In your opinion, how important is international mobility for a researcher’s career?

It matters hugely. It is almost essential these days to experience different ways of doing things and different environments, and integrate them into one’s own way of doing science. There are different scientific cultures across the world, and there is not a single right way how to do science. Learning from different cultures means you can do science in a way that is right for you and your research, and that is very valuable.

What did you learn through your own interaction with China?

I learned a lot in terms of culture, and I gained new knowledge in different ways of doing science. For example, in the UK we rely much on postdoctoral researchers whereas the Chinese rely more on students. There are pros and cons of both systems, but I have come to the conclusion the British way is probably more effective, as we have more senior researchers in the lab.
At a more scientific level, we learned an incredible amount of science from our Chinese colleagues.
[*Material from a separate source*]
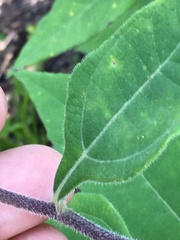 Helianthus resinosus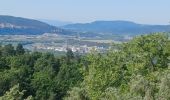 Trail Walking L'Escale - L ESCALE . LES BALCONS DE LA DURANCE . O - Photo 3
It is a relationship between equals with both sides working in parallel on global issues of today. For example, the Chinese are making huge progress in understanding how the rice genome impacts the properties of the rice plant.

What sparked your interest in science?

I have always been interested in science. My interest in plant science goes back to a specific moment in my penultimate year at school. During a school field trip, I learned about the diversity of plant species and why some species grow in some areas and some in others. I wanted to learn about how this is related to the physiology of the plant. In my case, although I am not an ecologist, it was the experience of the natural world that turned me onto plants. Unfortunately, the plant field is not an area that many 18-year-olds get interested in. Within life sciences, they are more interested in biomedical topics.

Do you pass on your knowledge to the public and future generation of scientists?

To educate the future generation, I mainly pass on my knowledge through PhD students. I have had about 30 PhD students many of whom now have set up their own labs. This is how knowledge gets passed on through generations. I also interact a lot with the public, passing on my knowledge through public lectures and public dialogue. It is important to let the public tell you what is on their mind, listen to their questions. I also contribute to public understanding of science by writing an occasional article designed for a public audience, rather than a researcher-type audience.